What is the difference between PBM and light therapy? Photobiomodulation (fotobiomodulasjon) is a specific photochemical process where photons of defined wavelengths are absorbed by chromophores inside cells, primarily cytochrome c oxidase in the mitochondria, triggering specific biological cascades including ATP synthesis and nitric oxide release. Light therapy in the broader sense refers to any health application of light, including SAD lamps, blue light therapy for skin, and circadian lighting. PBM requires specific wavelengths, sufficient irradiance at tissue depth, and bare skin. General light therapy operates primarily via retinal and neuroendocrine pathways and does not require the same precision.
Trenger jeg bar hud for rødlysterapi? (Do I need bare skin for red light therapy?) Ja. For at fotobiomodulasjon skal virke, må fotonene nå mitokondrier i vevet under huden. Klær absorberer og sprer fotonene før de når huden. Selv lyse klær kan redusere irradians nok til at den primære mekanismen ikke fungerer.
Hvor nærme må jeg stå panelet for at det skal virke? (How close do I need to stand to the panel for it to work?) For de fleste forbrukerpaneler gir 10 til 30 cm best resultat. Omvendt kvadratlov gjelder ikke fullt ut for store LED-paneler på nært hold, men ved 1,5 m er irradiansen vanligvis for lav for dyp fotobiomodulasjon.

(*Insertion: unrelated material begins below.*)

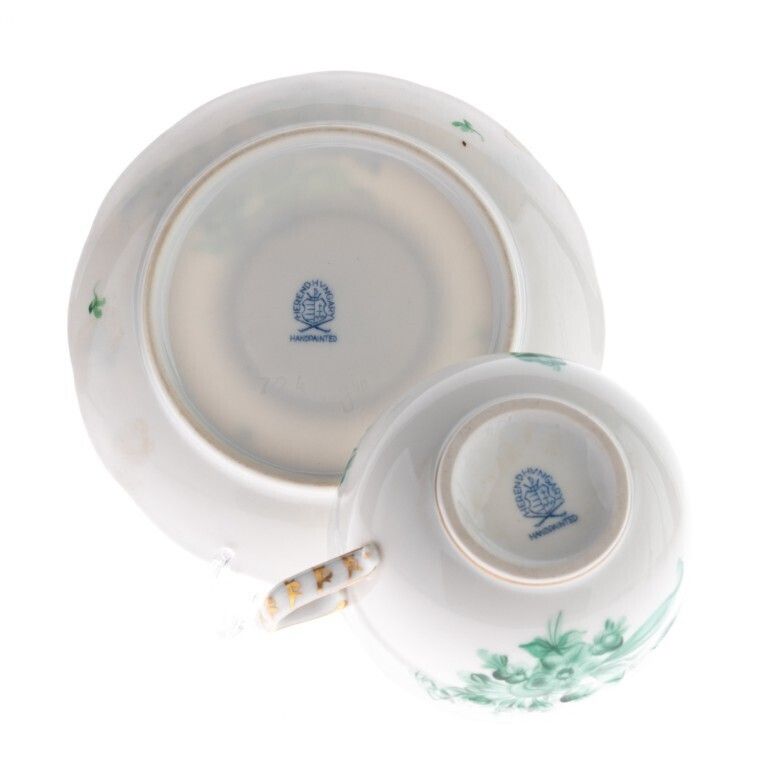 Herend Hungary “Chinese Bouquet” Pattern Fine Gilt Porcelain Ceramic Teacup And Saucer photo furniture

The information in this post is educational and intended for general wellness purposes. It is not medical advice. Always consult a qualified healthcare provider before starting any new health protocol, particularly if you have an existing condition or are taking medication.
References: Hamblin, M.R. (2016). Photobiomodulation or low-level laser therapy. Journal of Biophotonics, 9(11-12), 1122-1124. Chung, H. et al. (2012). The nuts and bolts of low-level laser (light) therapy. Annals of Biomedical Engineering, 40(2), 516-533.